Does Basel’s op risk internal loss multiplier add up?

As US agencies mull capital reforms, one regulator questions past losses as an indicator of future op risk

As they attempt to implement the Basel Committee on Banking Supervision’s giant post-crisis package of capital reforms, US regulators could be dancing in the dark.

Its prudential agencies need to toe a delicate line between trying to produce a final rule that has bipartisan support ahead of the November presidential election – while also avoiding major deviations from the Basel III text that might alienate other global regulators.

One of the obvious ways to square this circle would be to eliminate any components of the July 2023 package that would make the US Basel Endgame tougher than the equivalent rules adopted in Europe.
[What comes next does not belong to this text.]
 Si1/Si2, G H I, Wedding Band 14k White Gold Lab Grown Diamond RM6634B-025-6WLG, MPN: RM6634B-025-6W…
Republican rule-maker Travis Hill – Federal Deposit Insurance Corporation vice-chair – has already flagged up one such component in the operational risk framework.

I suspect the proposal overstates our ability to understand and predict operational risk
Travis Hill, FDIC

Basel proposes the new standardised approach to op risk should include an internal loss multiplier that would adjust each bank’s capital requirements based on the previous 10 years of historical op risk losses. Yet it also gives individual jurisdictions the discretion to set the multiplier to one – a discretion the European Union has already exercised, but in its first draft, the US has not.
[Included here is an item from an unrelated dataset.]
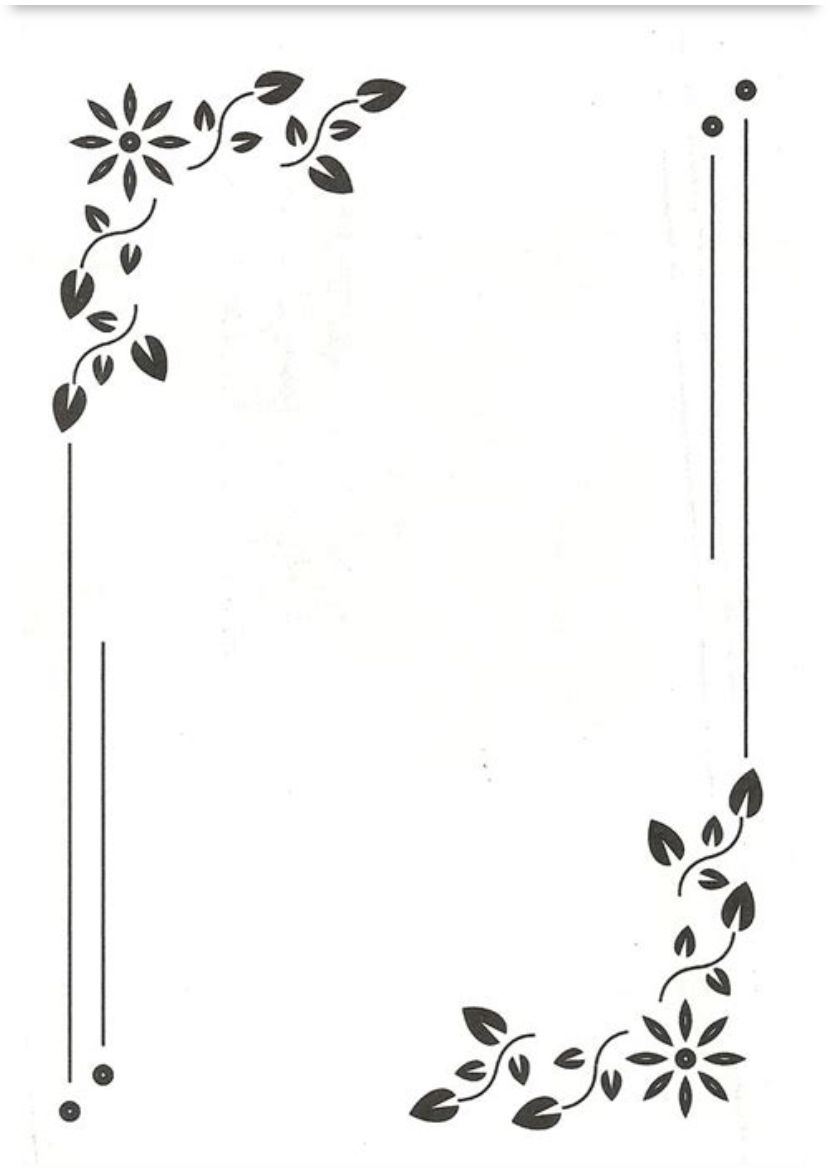 Mẫu hình vẽ hoa trang trí góc giấy A4 sáng tạo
In a response to the proposals in July last year, Hill said he thought it should.

“The proposal states definitively, ‘Higher historical operational losses are associated with higher future operational risk exposure’,” said Hill. “I suspect the proposal overstates our ability to understand and predict operational risk.”

It’s not just a case of political compromise – thanks to industry initiatives, we have the data to analyse whether Hill’s suspicions are correct.

ORX News, which provides Risk.net with monthly data on op risk losses, now has figures going back more than a decade. Its parent, the Operational Riskdata Exchange Association was founded – ironically enough – to collect op risk data for the advanced measurement approach to op risk that was scrapped in Basel III.

Its database allows us to compare the 20 banks that suffered the largest cumulative losses in 2012 versus 2022 (see table).

 

Of the top 20, seven appear in both the 2012 and 2022 walls of shame. An eighth – Santander – was at 19 in 2022 and just one place outside the top 20 in 2012.

So, here we have our likely offenders, then? Well, maybe not...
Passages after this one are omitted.